Each line in the material below, starting at the one with "Ülker Kekstra Cremo’da Plastik Streç Film" and ending at the one with "Amerila rubripes", is to be reproduced exactly; no picture is to be copied.

### Dataset extract

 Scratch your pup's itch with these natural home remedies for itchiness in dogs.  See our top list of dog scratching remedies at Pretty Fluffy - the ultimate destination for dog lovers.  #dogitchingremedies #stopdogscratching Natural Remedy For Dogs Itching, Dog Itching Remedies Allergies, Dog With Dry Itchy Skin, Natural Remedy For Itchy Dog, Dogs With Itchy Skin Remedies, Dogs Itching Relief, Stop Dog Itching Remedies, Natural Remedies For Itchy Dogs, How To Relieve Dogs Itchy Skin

######
### Dataset extract

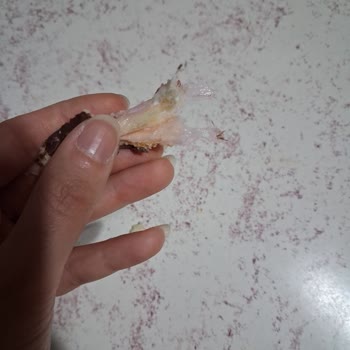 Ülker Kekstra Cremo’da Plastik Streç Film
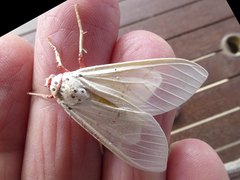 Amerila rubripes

######

### Final answer:
 Ülker Kekstra Cremo’da Plastik Streç Film
 Amerila rubripes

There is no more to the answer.